E così la scelta del protagonista cade su Gael Garcia Bernal,
piacevole e visibilmente dotato nel buon
Amores Perros di
Inarritu e nel piacevole Y tu
mama tambien di Cuaron, e invece discretamente fuori parte in
questi “Diari”, nei quali il suo faccino adolescenziale un po’ aguzzo
non ricorda neanche lontanamente la massiccia, intensa corporeità di
quello del Che, neanche quando aveva ventitrè anni, e a quel punto a
poco serve la buona recitazione, manca proprio qualcosa.
La “spalla” Alberto Granado, interpretata dall’attore argentino
Rodrigo della Serna, peraltro bravissimo, non sembra parimenti
rispettare molto l’originale, se non altro per un propensione
goliardica un po’ troppo spiccata e una tendenza al macchiettismo che
non risulta affatto nella descrizione del generoso, mansueto
personaggio descritto nel diario.
Ma qualcos’altro non convince in questi “Diari”, sia il ritmo un po’
balzellante da commedia, sia una ricerca di comicità un po’ gratuita
(quella del Che era invece autentica ironia), sia i “miracoli” sparsi
ad arte qua e là (il Che visita un povera vecchia, il Che dice la
verità anche quando tutti mentono, il Che sfida i cattivi sfruttatori,
il Che stringe la mano ai lebbrosi…), insomma, qualcuno sembra aver
dimenticato qualcosa, ovvero chi accidenti era questo personaggio che
si aggirò come un indemoniato per un intero continente per otto mesi,
perché lo fece e quali ne furono i risultati.

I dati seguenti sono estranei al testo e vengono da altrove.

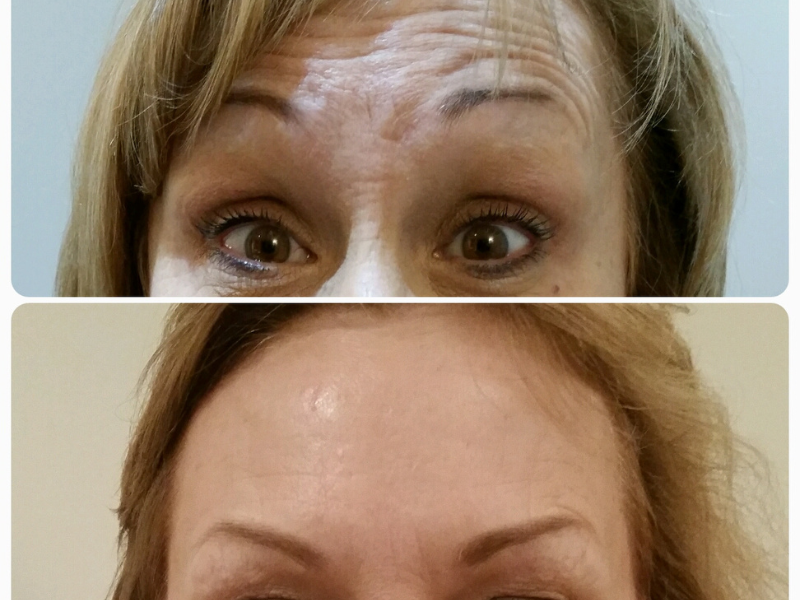 Before and after anti wrinkle treatment results showing a reduction in wrinkles on a female patients forehead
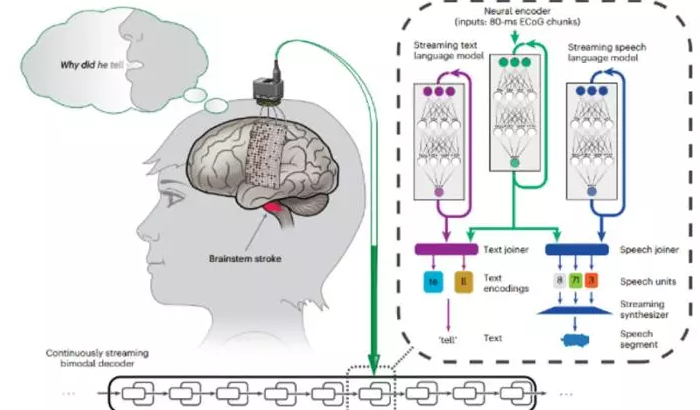 科幻成真! 科学家打造“AI脑机”令瘫痪者用意念说话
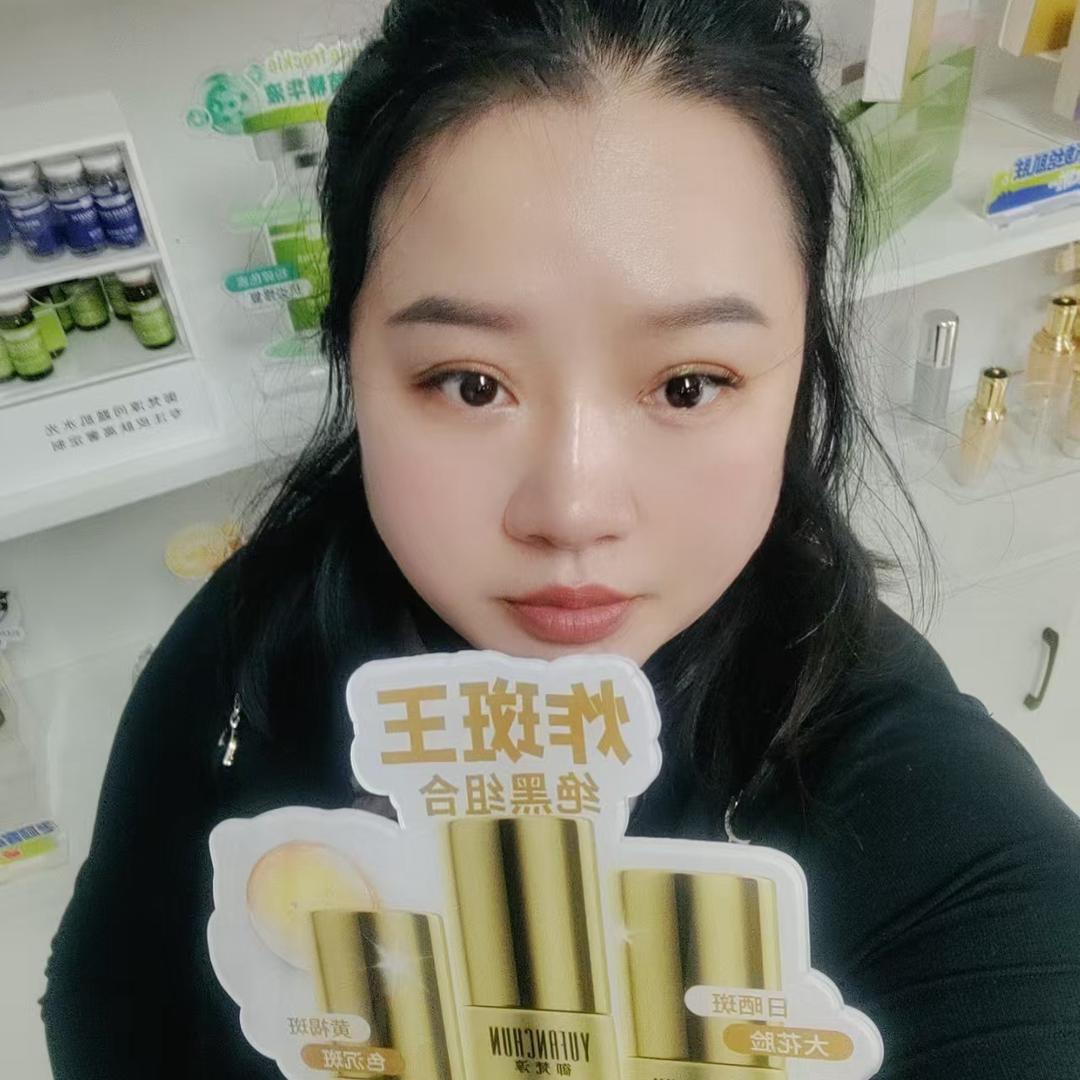 斑敏痘源头工厂兰兰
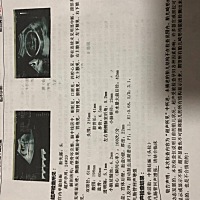 听说四维可以看出宝宝性别，大家猜猜看男宝女宝，太好奇了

Tutto ciò non risulta
affatto chiaro dal film, non si respira l’odore della polvere e della
miseria che respirò il protagonista, non si sentono la rabbia e la
consapevolezza dell’ingiustizia crescere, risulta un mistero come
questo sbarbato studentello sia divenuto un giorno “il Che”.
Eppure, nei diari tutto ciò è scritto:
“(…) adesso sapevo…sapevo che nel momento in cui il grande spirito
governa ogni cosa darà un taglio netto dividendo l’umanità in due sole
parti antagoniste, e io starò con il popolo, e lo so, perché lo vedo
impresso nella notte che io, eclettico sezionatore di dottrine e
psicoanalista di dogmi, urlando come un ossesso, assalterò baricate o
trincee, tingerò di sangue la mia arma e, come impazzito, sgozzerò
ogni nemico che mi si parerà davanti. E mi vedo, come se una
stanchezza infinita stesse già esaurendo questa mia esaltazione,
cadere immolato per l’autentica rivoluzione uniformatrice di volontà,
pronunciando un mea culpa esemplare. Già sento dilatarsi le mie
narici, assaporando l’odore acre della polvere e del sangue, della
morte nemica; già si contrae il mio corpo, pronto al combattimento, e
preparo il mio essere come un tempio sacro in cui risuoni di nuove
vibrazioni e nuove speranze il grido belluino del proletariato
trionfante.”*
Proprio così, nero su bianco.
* Ernesto Che Guevara, “Latinoamericana. Un diario per un viaggio in
motocicletta”, Feltrinelli, trad. Pino Cacucci e Gloria Corica, 1993.